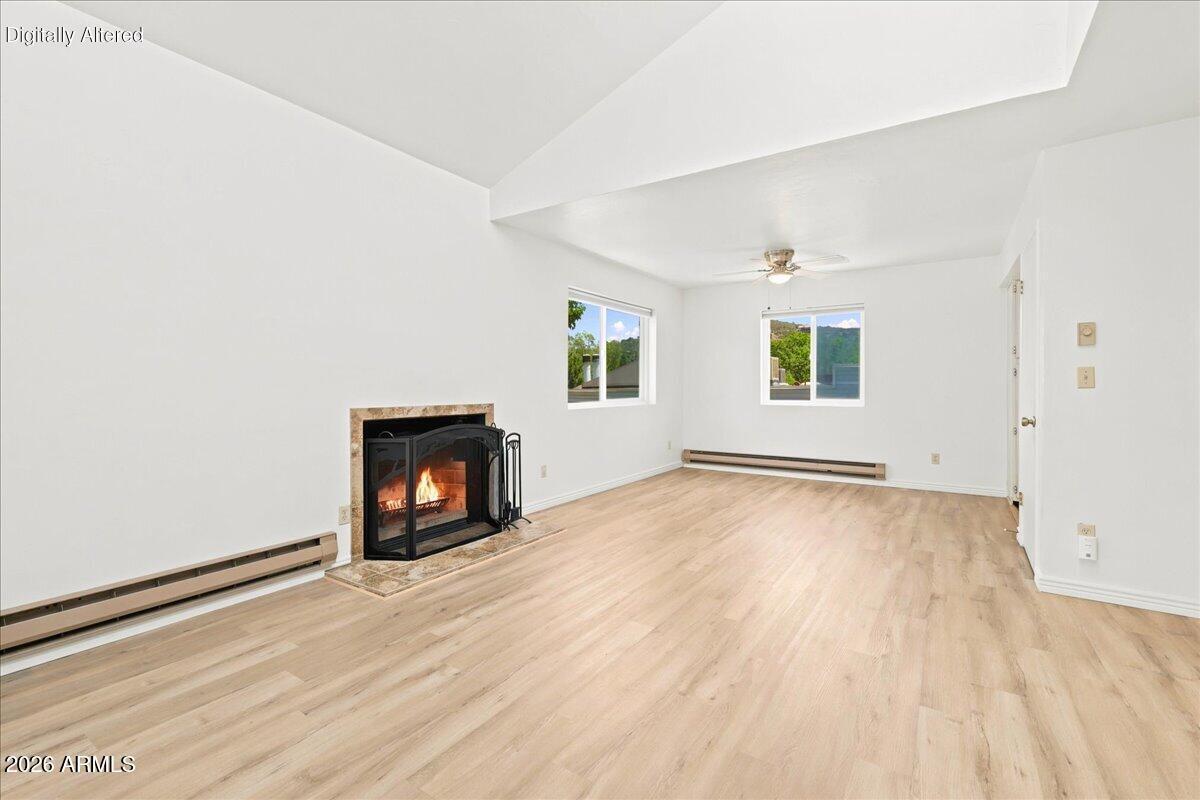 333 W LEROUX Street B6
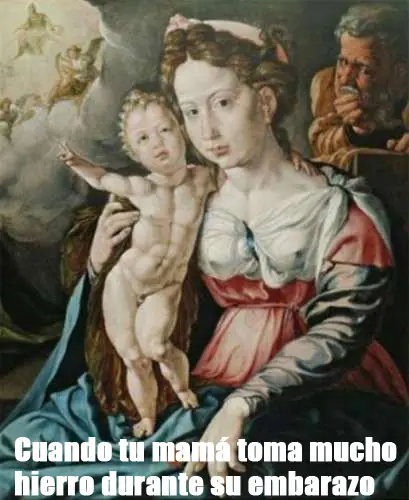 arte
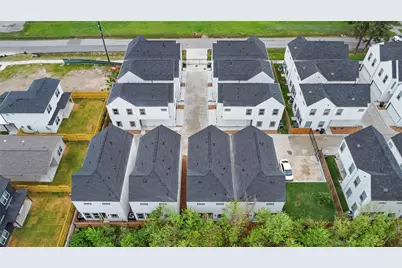 9902 Clark Road #B, Houston, TX 77076 - Photo 36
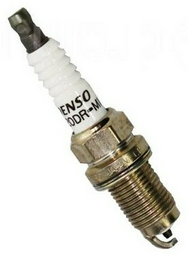 Свеча зажигания DENSO KJ20DRM11#4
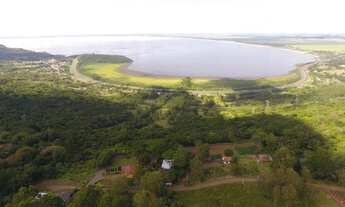 Imagem 4: 113767 - CHÁCARA COM 1,75 HA, FIBRA ÓTICA VERTENTE MATERIAL PARA CONSTRUÇÃO VISTA P/ L..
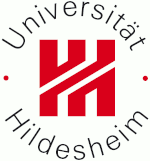 University Hildesheim-Logo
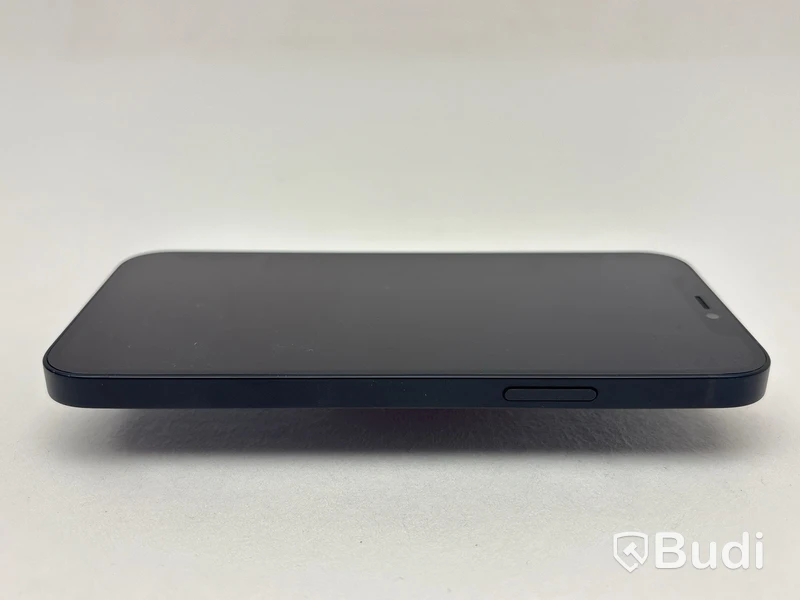 Mobil Apple iPhone 12 64GB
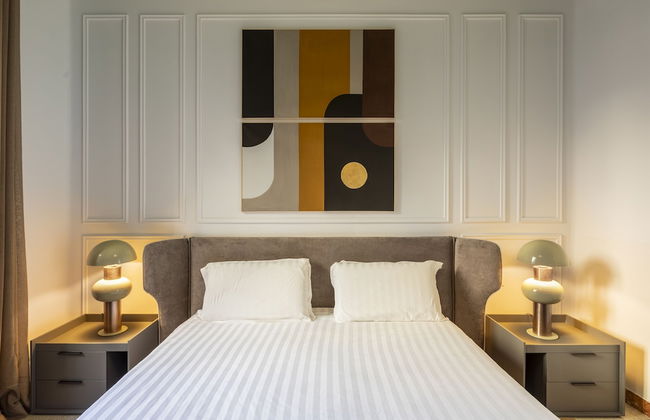 ROMAC - Mazzini - Photo 8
★ ★ ★
## Aim of the task
Only the lines from the one containing "Mobil Apple iPhone 12 64GB" through the end of the records are wanted, set down exactly and without their pictures.

## Answer area
 Mobil Apple iPhone 12 64GB
 ROMAC - Mazzini - Photo 8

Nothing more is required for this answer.